House of the Devil, The Sleeper, and (slightly less notably) Frat House Massacre are all recent films that have gone all out to pass themselves off as sort of ‘lost gems’ of the 1980s. As a possible reaction to the tidal wave of glossy remakes in the 2000s, more than a few people were yearning for the simpler days of horror: No cellphones, big hair, bad fashion, straight-forward plotting.
In the latest back-to-basics slasher film, eight high-schoolers skip out on a dance, steal a schoolbus, and set off to the forest cabin owned by good girl Adrienne’s dad. Sucks to be them when the bus runs out of gas on a lonely road and the nearest house is inhabited by the last surviving member of a cannibalistic family.

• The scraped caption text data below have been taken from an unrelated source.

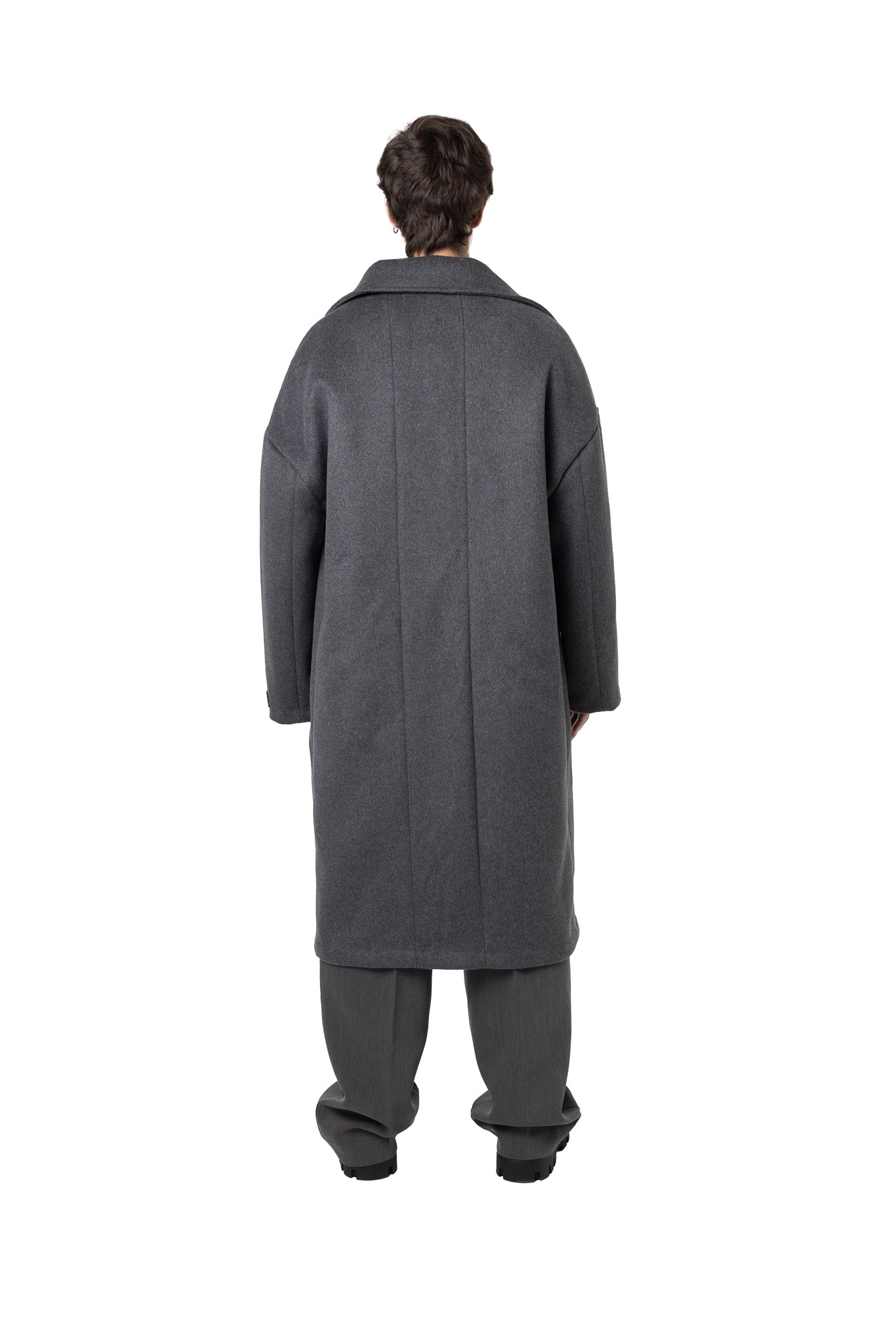 FREEMINDS GRAY WOOL TRENCH COAT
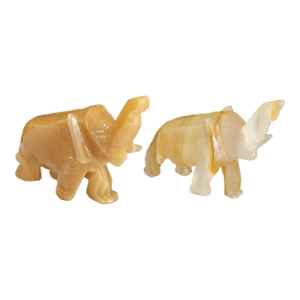 Pair of Vintage Hand-Carved Honey Onyx Elephant Figurines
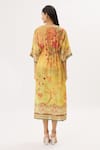 Shop_Peenacolada_Yellow Cotton Silk Abstract V Neck Print Kaftan_at_Aza_Fashions
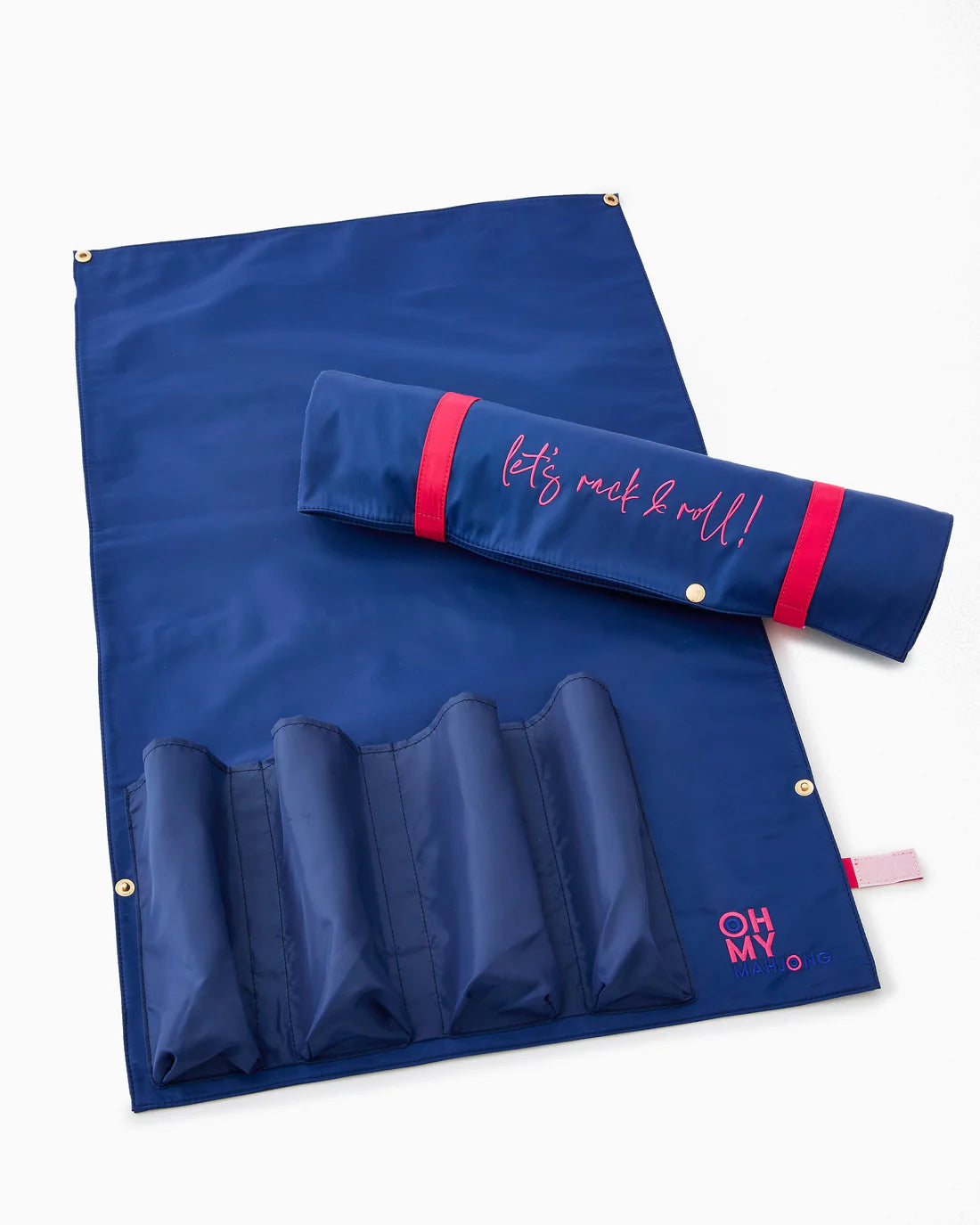 Blue mat with rolled-up mat and pink text on a white background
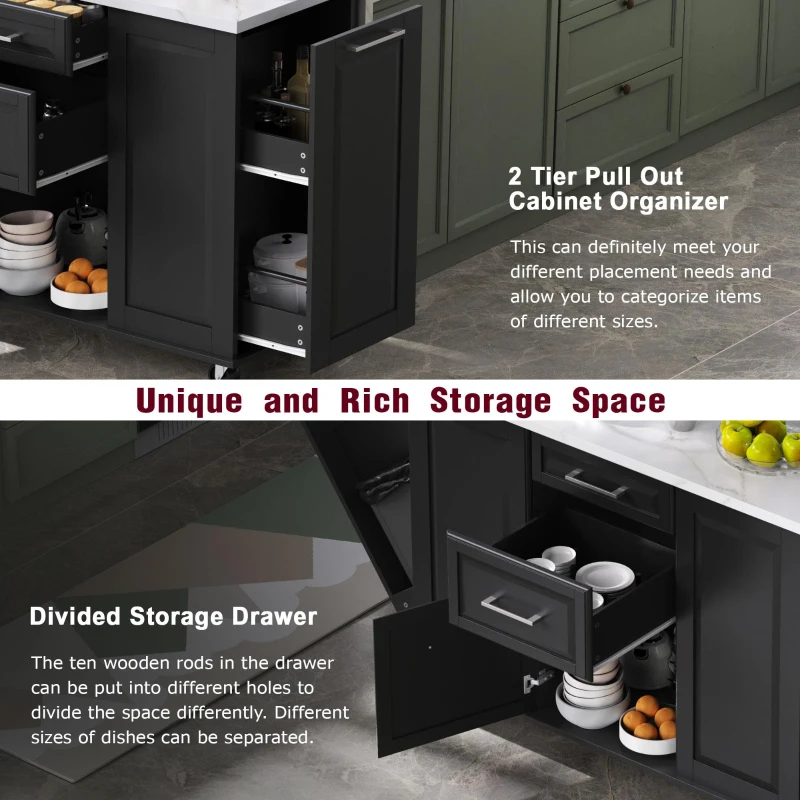 Versatile Kitchen Island with 2-Tier Pull-Out Organizer & 5 Casters, Rolling Kitchen Cart with Drop Leaf, 50.5'' L x 26.5'' W x 35.5'' H, Black
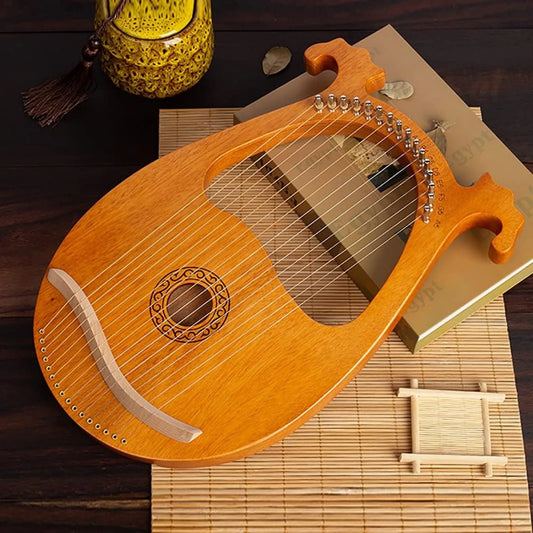 16-String Mahogany Lyre Harp, Handcrafted Solid Wood Instrument for Beginners & Professionals (Includes Tuner & Picks)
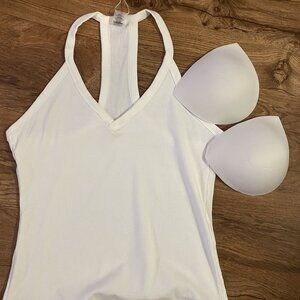 Danysu Women's Womens White Ribbed Racerback Tank Top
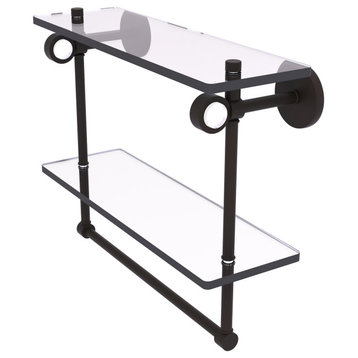 Clearview 16" Double Glass Vanity Shelf with Towel Bar, Oil Rubbed Bronze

After that, expeditions to look for gasoline, food, candles etc, are scuppered by the hungry loon, who succeeds in taking them out one by one by pick-axe, pitchfork, and various other deadly implements.
Initially, Lost After Dark tries a little too hard to pass itself off as a product of 1984, with selected music, garments, cars, a Rubik’s Cube, and references to of-the-time TV shows and stuff coming from everywhere. Not to mention the characters are each named after directors and starlets from the creme of the 70s and 80s teen horror wagon. This becomes a little try-hard and distracting, but is soon forgotten once the action starts and, convincingly retro or not, offers up a few genuinely tense scenes – the best of which involving one character stuck in the basement with the killer.
A ‘missing reel’ gag also feels out of place, something more suited to a cheapo 70s grindhouse film than a mid-80s B-movie, although it later reveals itself to be nothing more than a cunning plot device.
Although eyebrow shaping, body types, tiny nuances of movement and speech can never be rewound sufficiently enough to totally fool the viewer, the bigger picture is good enough on its own, with elements of Hell Night and even House of Death at play, as well as the intended Camp Crystal Lake elements – a full moon, creepy woods, dark outbuildings.
Lost After Dark provides a sandbox of slasher simplicity to play in, and makes some good shapes out of the clichés it has at hand, improving as it goes once we’re down to the one girl remaining (and the best choice for final girl duties). What I didn’t like was the back-filling exposition on behalf of Rick Rosenthal’s sheriff, once all the action was over. This would’ve worked better as a campfire tale or the olde stop-and-ask-directions-from-local exchange. A minor complaint.
There aren’t any complex plot twists, save for a little bit of active misdirection as to who will survive; It plays out like it could have come from the golden age of the genre, although any number of internet cry babies are quick to point out the lack of nudity, while singing from the rooftops how well acquainted they are with the genre, seemingly forgetting that boobs really weren’t in every 80s slasher film to begin with. Seems as though every horror fan thinks they can do better, yet cannibalizes the attempts of fellow horror fans who actually go and do it! Rant over.
In order to enjoy any slasher film, it’s best to go in expecting little and be pleasantly surprised, which pays off in this case. By some margin the best “new” slasher film I’ve seen in some while.
Blurbs-of-interest: Robert Patrick was in D-Tox; Rick Rosenthal directed both Halloween II and Halloween: Resurrection.